Przedstawiciele Organizacji Przemysłu i Handlu Naftowego zwracają uwagę, że obecnie grzywna za niedopełnienie obowiązków właściwego informowania o cenie towaru wynosi maksymalnie 1500 zł. "Ustawa przewiduje zatem ponad 13.krotne podniesienie kar, co zasadniczo wpływa na - i tak już bardzo wysokie – ryzyko prowadzenia działalności biznesowej w Polsce" - podkreślają przedstawiciele Organizacji.
"Zdaniem POPiHN w polskich realiach zaproponowane maksymalne stawki kar są zbyt wysokie, a ich uznaniowość może zwiększać zagrożenie nakładaniem nieproporcjonalnie wysokich kar na stacje paliw. Należy pamiętać, że uchybienia mogą wynikać nie ze złej woli, ale z błędów ludzkich czy technicznych, których nie da się nigdy wykluczyć. Nawet maksymalne kary nie wyeliminują przypadków niewłaściwego podawania ceny, bo w większości przypadków są one wynikiem ludzkiego błędu, nie zaś celowego działania" - czytamy w apelu Organizacji.

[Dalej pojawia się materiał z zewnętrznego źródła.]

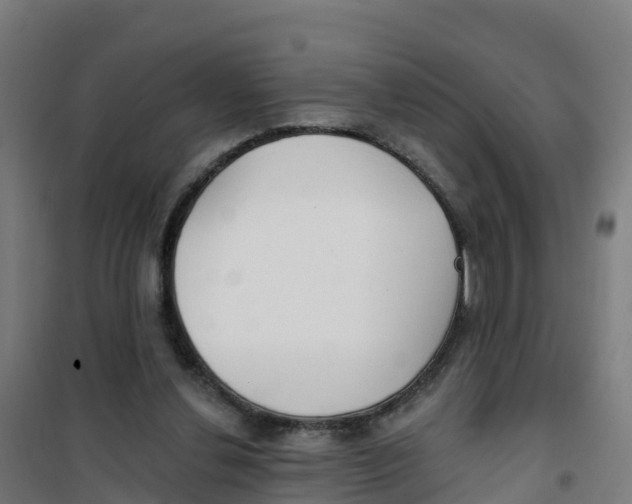X0000100360252200807031845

Przedstawiciele POPiHN zwracają również uwagę na to, że o ile grzywny za niewłaściwe informowanie o cenie towaru mają być bardzo wysokie - o tyle "przy kradzieży ze sklepu towarów wartych 400 zł mandat dla sprawcy wynosi zwykle do 500 zł".
Branża paliwowa zwraca również uwagę, że - zgodnie z treścią Ustawy z 9 maja 2014 roku "ewentualne kary będą naliczane od całości obrotów stacji, w tym paliw, które przy wysokim wolumenie sprzedaży stanowią produkt o wyjątkowo niskiej marży". "Zagrozić to może istnieniu wielu stacji paliw, zwłaszcza niezależnych, których właścicieli nie będzie stać na pokrycie maksymalnej kary. Ustawa ta może więc okazać się wysoce szkodliwa dla polskiego handlu" - ostrzegają przedstawiciele POPiHN.